In the desert nation of Oman, a mass of rock from Earth’s mantle has been thrust to the surface to form some very unusual mountains. The formation, the Samail Ophiolite, has long fascinated geologists because it exposes rocks normally inaccessible in the deep Earth. Recently, there has been a surge in interest in these rocks, as scientists have recognized that such formations may naturally take up and store large amounts of carbon, and thus play a previously unrecognized role in regulating global climate.

In Oman, geologist Peter Kelemen is investigating unusual rocks thrust up from the deep earth for their potential to store human carbon-dioxide emissions.

Geologists have long recognized that these processes take place. But new studies by geochemist Peter Kelemen and colleagues have revealed that the reactions are far more rapid and prevalent than previously thought. Scientists had assumed that most visible carbonates formed long ago. However, by sampling rocks from road cuts, wells, boreholes and other sources, Kelemen and former Lamont geochemist Jürg Matter have found that many carbonate veins here actually formed during human time, and that the process is ongoing and fast. They also found that the reactions take place much deeper underground than previously thought, well below the surface at sites where CO2 travels in groundwater through cracks.

Some underground reactions are so vigorous, they appear to create small explosions—a sort of natural hydrofracturing—that open more cracks, creating space for more reactions, and thus feeding a continuous loop of CO2 uptake. Kelemen and Matter estimate that each cubic kilometer of peridotite naturally absorbs on average a ton of atmospheric carbon each year: up to 100,000 tons annually in the region. In places, the reaction has completely run its course; the rocks are fractured down to the tiniest pore spaces and filled with carbonate, creating entire mountains of the material. Theoretically, they say, there is enough peridotite in Oman and the neighboring United Arab Emirates to absorb 33 trillion tons of CO2—1,000 years of human output, if present-day emission rates remained unchanged.

With CO2 concentrations in the atmosphere recently measured at 400 parts per million, probably for the first time in some 3 million years, and little movement toward reducing industrial emissions, many scientists are now looking at ways to remove the gas from the air.

No one thinks that Oman’s rocks could solve the entire problem.

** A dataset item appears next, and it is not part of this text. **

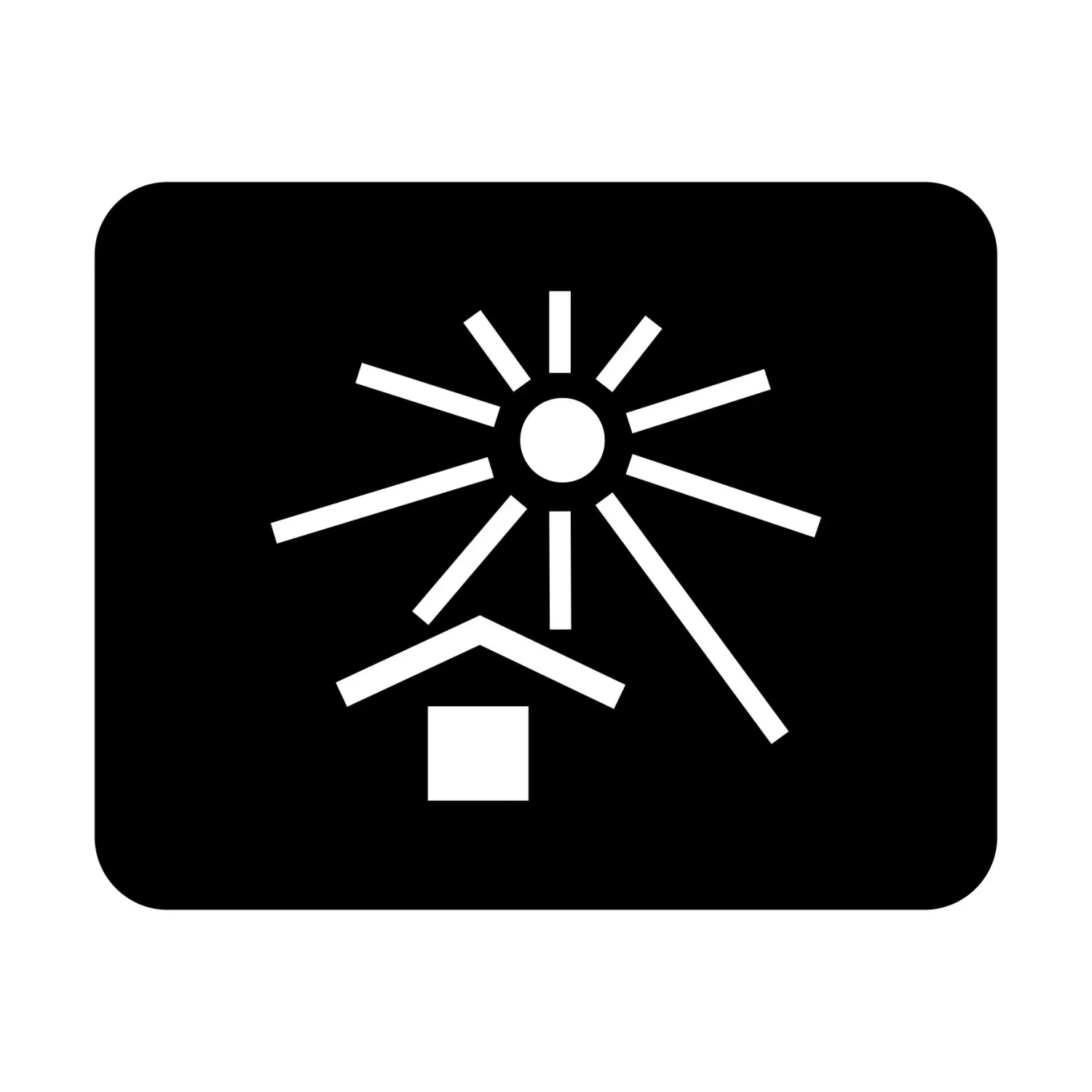 Schablone Versandsymbol "Vor Hitze schützen"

But with some simple engineering, Kelemen and Matter think natural processes could be sped up a million times in places, and that accelerated rate could take up some of the manmade CO2. One way to do so would be to drill boreholes and pump down heated water impregnated with CO2; heat greatly speeds the reaction, and once jump-started this way, the cycle of natural cracking would do the rest, rapidly taking in any more CO2 pumped down.

Oman is rich in oil and burns considerable oil in its power plants, so much of the CO2 it produces could be delivered from the plants in pipelines. Another method would take CO2 directly from the air. This step would involve pumping surface seawater, which naturally absorbs atmospheric CO2, down pipes into the mantle rocks just offshore. The cleaned-up water would then be flushed back to the sea surface, where it would then absorb more CO2. Accounting for engineering challenges and the obviously large expense, the researchers assert that Oman’s peridotite still might be harnessed to absorb as much 4 billion of the 30 billion tons of the atmospheric CO2 currently produced annually by humans.

“I’m not convinced that society is really going to do very much about [climate change] until we find out what the long-term effects are going to be,” Kelemen said. “But at that time, there might be renewed interest in how you might get CO2 out of the air. We’re trying to develop methods so that when and if we do get ready to use them, they’ll be available.”